# [Data shown]
○ ○ ○ ○ ○
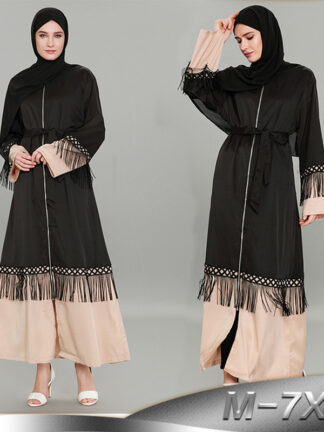 Купить 2021 Eid Abaya Dubai Muslim Dresss Moroccan Kaftan Turkey Women Long Tassel Jilbab Cardigan Hijab Dress Turkish Islamic Clothing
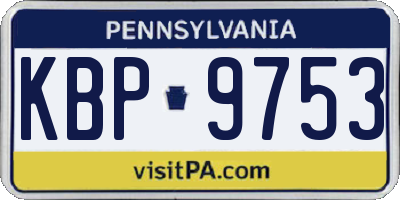 PA license plate KBP9753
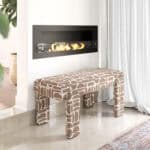 Gray Upholstered Bench with Wood Frame and Rubber Feet Protection 6 Gray Upholstered Bench with Wood Frame and Rubber Feet Protection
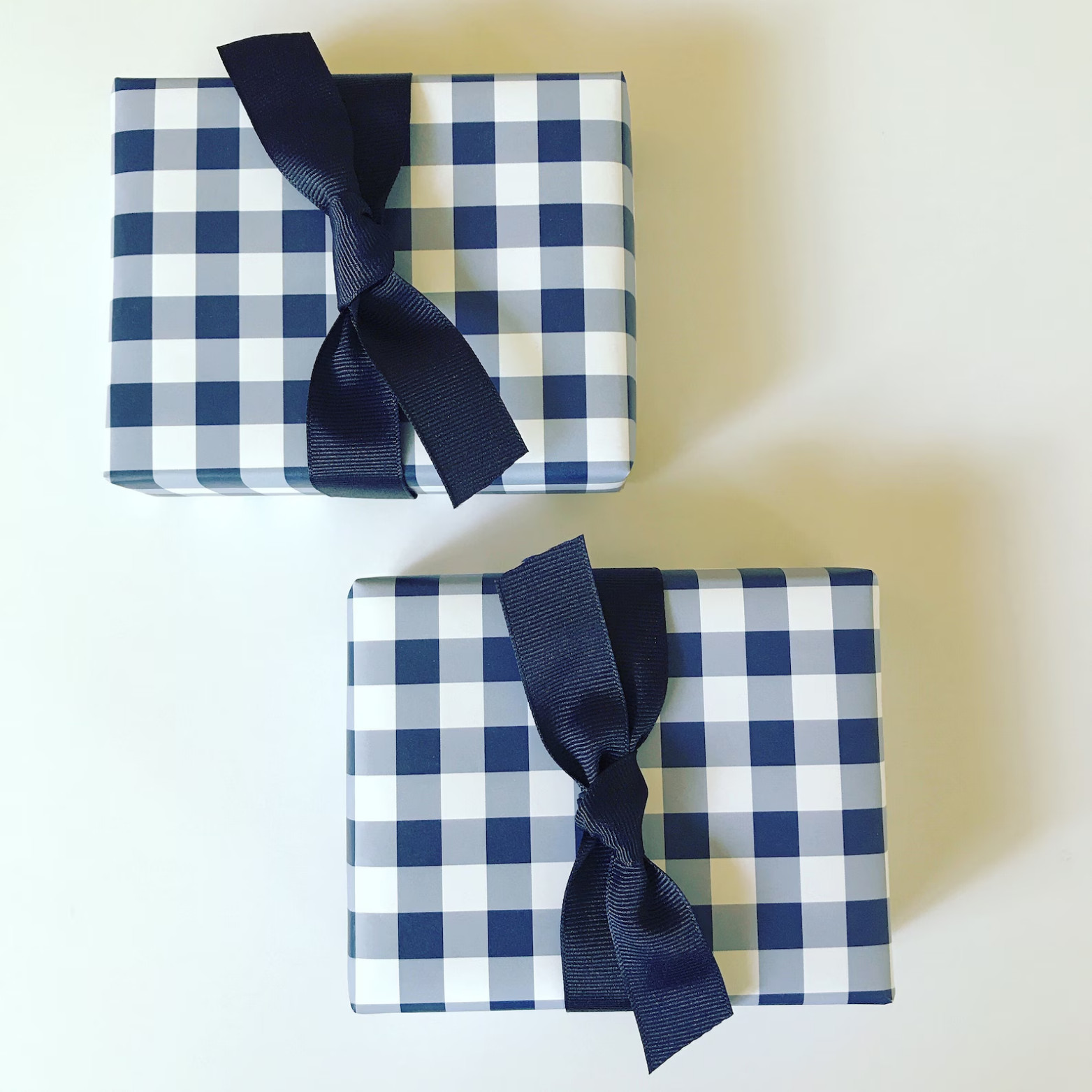 Navy Gingham Wrapping Paper, Classic Holiday Christmas Gift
○ ○ ○ ○ ○
# [Exercise details]
For this exercise, reproduce the data above exactly from the line containing "Feet Protection 6" through its final line, both ends included, with no pictures in the copy.

# [Response area]
 Gray Upholstered Bench with Wood Frame and Rubber Feet Protection 6 Gray Upholstered Bench with Wood Frame and Rubber Feet Protection
 Navy Gingham Wrapping Paper, Classic Holiday Christmas Gift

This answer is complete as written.